● Directions for this task:
Return the data exactly, with all pictures removed.

● Collected material:
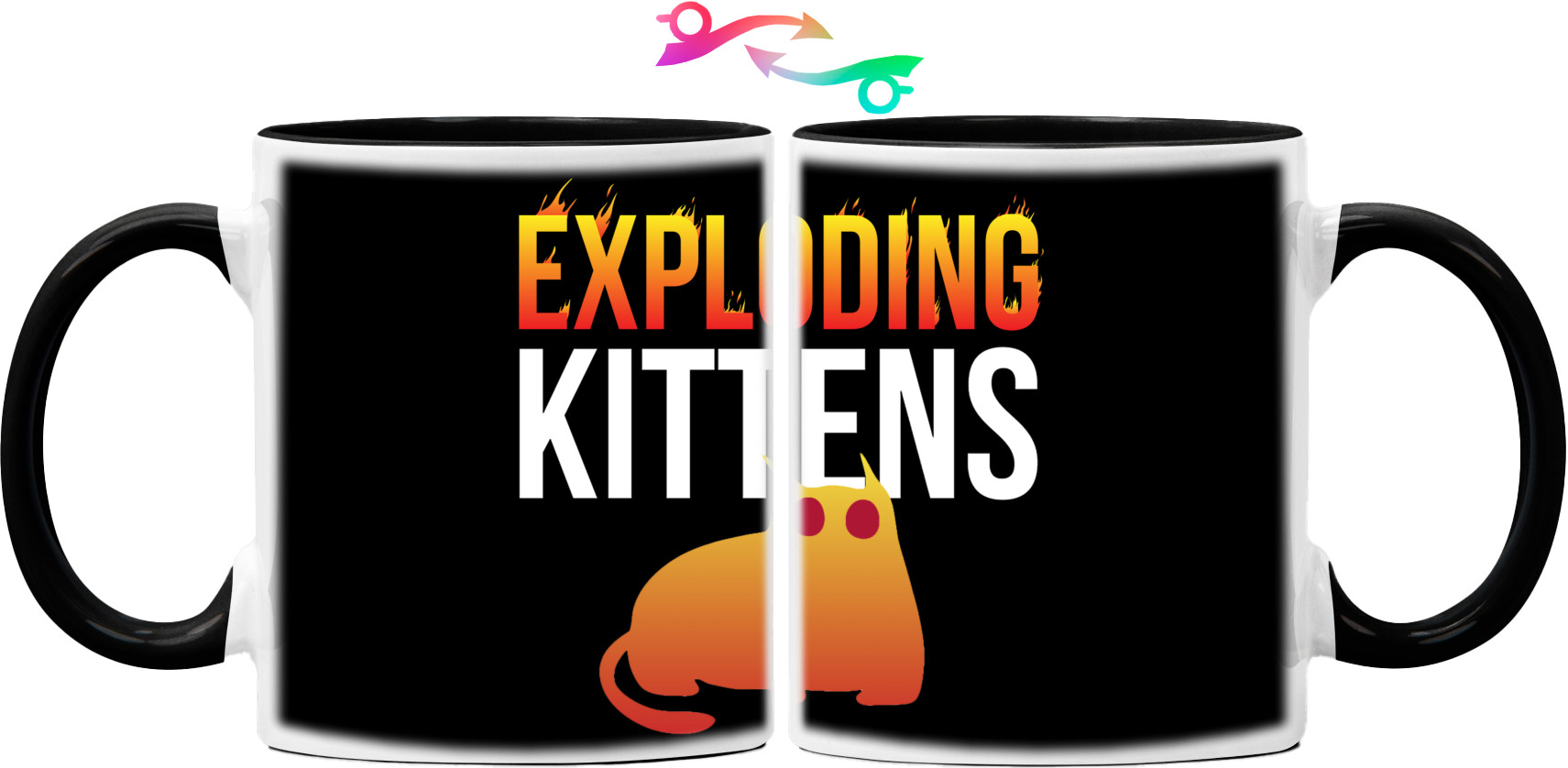 Взрывные котята / Exploding Kittens 3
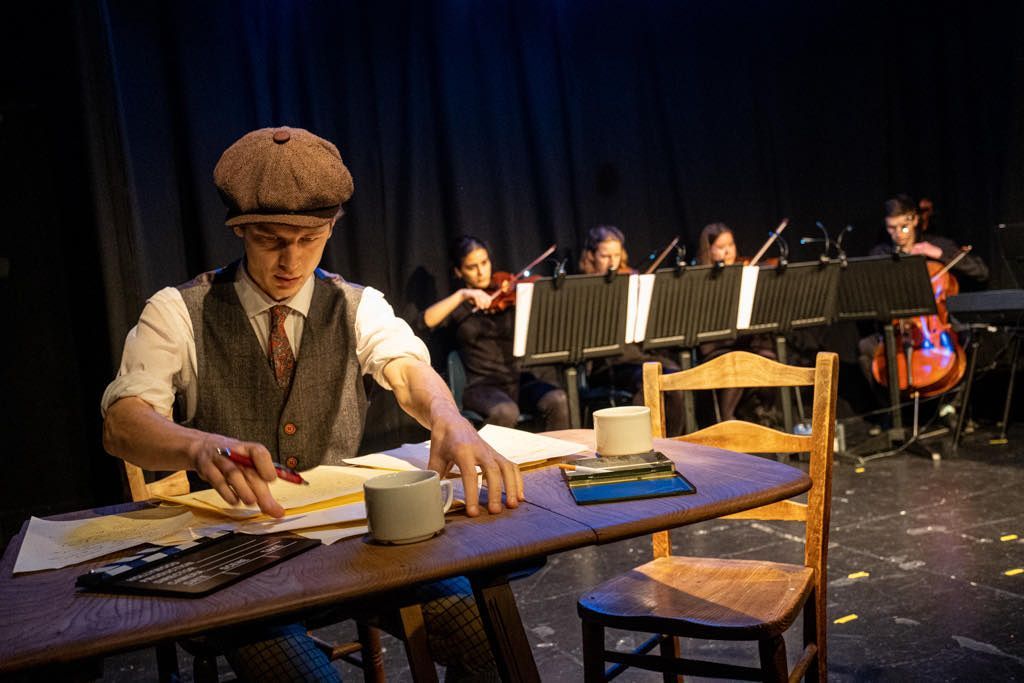 Opera in a Box: Selection Box @ Alma Tavern and Theatre ★★★★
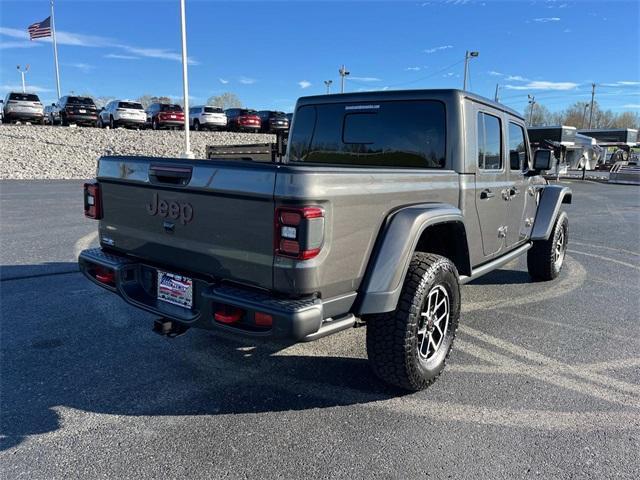 used 2024 Jeep Gladiator car, priced at $55,994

● Task response:
 Взрывные котята / Exploding Kittens 3
 Opera in a Box: Selection Box @ Alma Tavern and Theatre ★★★★
 used 2024 Jeep Gladiator car, priced at $55,994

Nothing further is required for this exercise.